Peki bu başarı üzerine diğer oyun firmalarının tepkisi ne oldu dersiniz? En basit örneği EA, The Sims serisinin yapımcısı Maxim firmasında değişikliklere gitti. Bilgisayar ve konsol için piyasaya çıkacak tüm The Sims oyunlarının fişini çekti. The Sims geçtiğimiz yıllardan itibaren sadece microtransaction sistemine odaklanan Facebook ve Mobil oyunlar olarak hayatına devam etmeye başladı.

The Sims bu konudaki en ünlü örneklerden birisi. Geçen 5 yıl içerisinde adı duyulmuş ya da duyulmamış sayısız tek kişilik ve senaryo odaklı oyun projesi iptal edildi. Bazıları üstelik şaşalı tanıtımlardan sonra bu kaderi paylaştı.

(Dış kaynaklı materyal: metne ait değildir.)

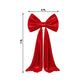 7ft Giant Red Satin Bow Tie Décor for Backdrops – Wedding & Event Photo Booth Decoration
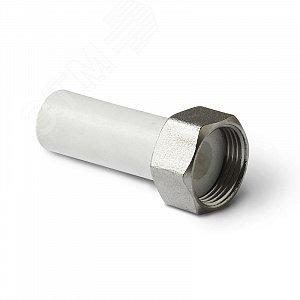 Изображение товара Штуцер полипропиленовый 20x3/4 ВР с накидной гайкой PRO AQUA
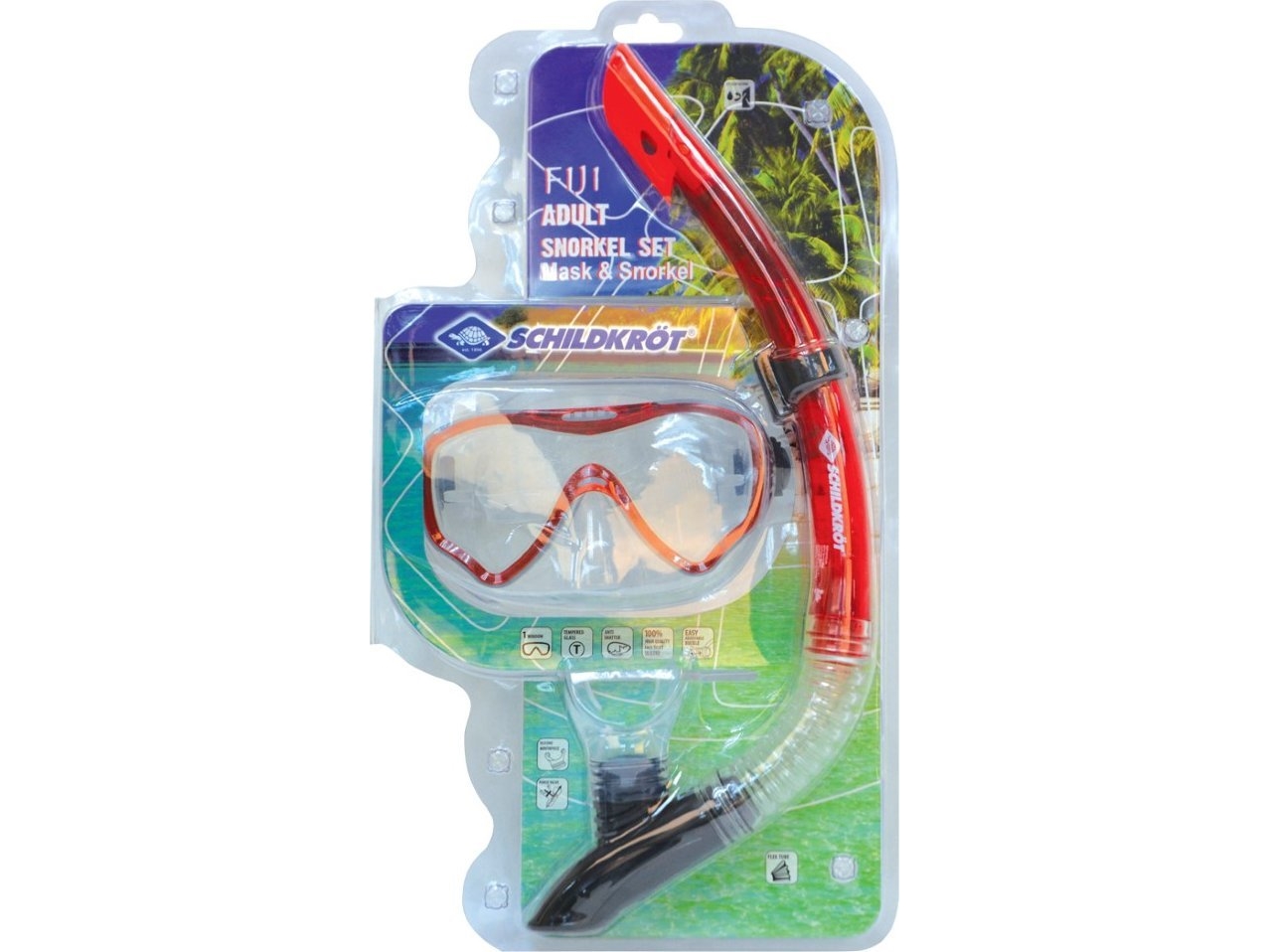 Schildkrot SFS Adult Snorkel Set FIJI- two-part | Utomhus - Fiskeredskap - Tillbehör | GameStuff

Kısa sıra sonra World of Warcraft gibi sektör devleri de bu sistemi mevcut yapılarının içine uyarladı. FIFA, PES, Mortal Kombat, WWE, NBA 2K gibi aklınıza gelebilecek sektörün tüm ağır topları, microtransaction sayesinde oyunculara birden fazla kez satış yapabiliyor. Temel olarak oynanışı tam olarak etkilemeyen bu yöntem daha fazlasını daha hızlı şekilde elde etmek isteyen oyuncuları hedefliyor.

Bazı firmalarsa, insanların herkesten farklı olma güdüsünü kullanıyor. Örneğin, Real Racing serisinde, Ferrari kullanmak istiyorsanız 800 lirayı gözden çıkarmanız gerekiyor.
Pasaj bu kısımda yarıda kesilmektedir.